Susanne Hochuli: Eine Begegnung mit der Aargauer Regierungsrätin

  • Text: Barbara Achermann; Fotos: Herbert Zimmermann

Der Aargau hat eine Regierungsrätin, die grün ist, aber nicht immer. Sozial, aber nicht links. Zugänglich, aber keine Smalltalkerin. Damit kommt Susanne Hochuli – meist – gut an.

Susanne Hochuli zieht fest an ihrer Marlboro, inhaliert aber nicht. Es ist typisch, dass sie nicht so raucht, wie normale Raucher rauchen. Sie macht alles auf ihre Art. Die Aargauer Regierungsrätin sitzt auf der Veranda ihres Bauernhauses im Dorf Reitnau. In ihrem Schoss rekelt sich ein junges Kätzchen, Pferde traben vorbei, die Blumen und Beeren im Garten warten darauf, gepflückt zu werden, und leise bimmelt ein Windspiel. In diesem Heidiland-Setting erzählt sie, was sie dieser Tage bereitwillig immer wieder erzählt hat: Sie hat Asylbewerber bei sich einquartiert, eine Mutter und zwei Kinder aus Angola.

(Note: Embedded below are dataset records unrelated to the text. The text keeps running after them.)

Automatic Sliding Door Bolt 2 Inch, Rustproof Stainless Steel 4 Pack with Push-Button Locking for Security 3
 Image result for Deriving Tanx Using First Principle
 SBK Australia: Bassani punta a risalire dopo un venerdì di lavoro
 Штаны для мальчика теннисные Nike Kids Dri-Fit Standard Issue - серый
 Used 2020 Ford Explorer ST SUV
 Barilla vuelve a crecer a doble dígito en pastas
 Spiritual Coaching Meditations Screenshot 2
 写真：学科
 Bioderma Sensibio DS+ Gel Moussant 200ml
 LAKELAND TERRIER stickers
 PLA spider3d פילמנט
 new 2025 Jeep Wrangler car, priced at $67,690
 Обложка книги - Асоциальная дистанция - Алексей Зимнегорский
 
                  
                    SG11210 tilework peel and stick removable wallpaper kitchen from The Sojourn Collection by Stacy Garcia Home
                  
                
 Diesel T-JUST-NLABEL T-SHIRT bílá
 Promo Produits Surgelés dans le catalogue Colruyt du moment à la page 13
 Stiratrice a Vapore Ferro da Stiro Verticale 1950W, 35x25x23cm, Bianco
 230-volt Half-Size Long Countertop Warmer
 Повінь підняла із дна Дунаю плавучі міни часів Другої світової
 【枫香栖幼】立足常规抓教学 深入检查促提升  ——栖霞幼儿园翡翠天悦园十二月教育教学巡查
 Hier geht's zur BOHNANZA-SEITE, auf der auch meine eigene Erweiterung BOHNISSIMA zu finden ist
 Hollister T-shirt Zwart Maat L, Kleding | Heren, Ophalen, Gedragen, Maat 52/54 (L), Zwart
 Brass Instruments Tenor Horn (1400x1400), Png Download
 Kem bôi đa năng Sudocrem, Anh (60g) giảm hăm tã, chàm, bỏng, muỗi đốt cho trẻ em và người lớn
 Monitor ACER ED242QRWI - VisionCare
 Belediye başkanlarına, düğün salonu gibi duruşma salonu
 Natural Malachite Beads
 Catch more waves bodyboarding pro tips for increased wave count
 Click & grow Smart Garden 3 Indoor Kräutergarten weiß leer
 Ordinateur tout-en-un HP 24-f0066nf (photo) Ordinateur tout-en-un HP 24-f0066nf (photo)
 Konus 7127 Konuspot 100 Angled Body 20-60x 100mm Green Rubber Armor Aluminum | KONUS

Wie in einem Werbefilm kommen die süssen Kleinen auch schon angerannt. Susanne Hochuli hat die Familie mit offenem Herzen aufgenommen, ganz bestimmt, aber nun schlachtet sie ihre gute Tat allzu dreist aus. «Tu Gutes und rede nicht darüber», belehrte sie ihre Hauszeitung aus der Kantonshauptstadt. Und doch: Die Journalisten mögen sie – wir eingeschlossen –, weil sie Tabus bricht. In ihrer Mittagspause spaziert sie barfuss durch Aarau, setzt sich auf eine Treppenstufe und isst ein Sandwich. Am Eidgenössischen Schützenfest 2010 forderte sie als Gesundheits- und Militärvorsteherin, dass Schusswaffen aus dem Haus verbannt werden. Die Offiziere waren ausser sich.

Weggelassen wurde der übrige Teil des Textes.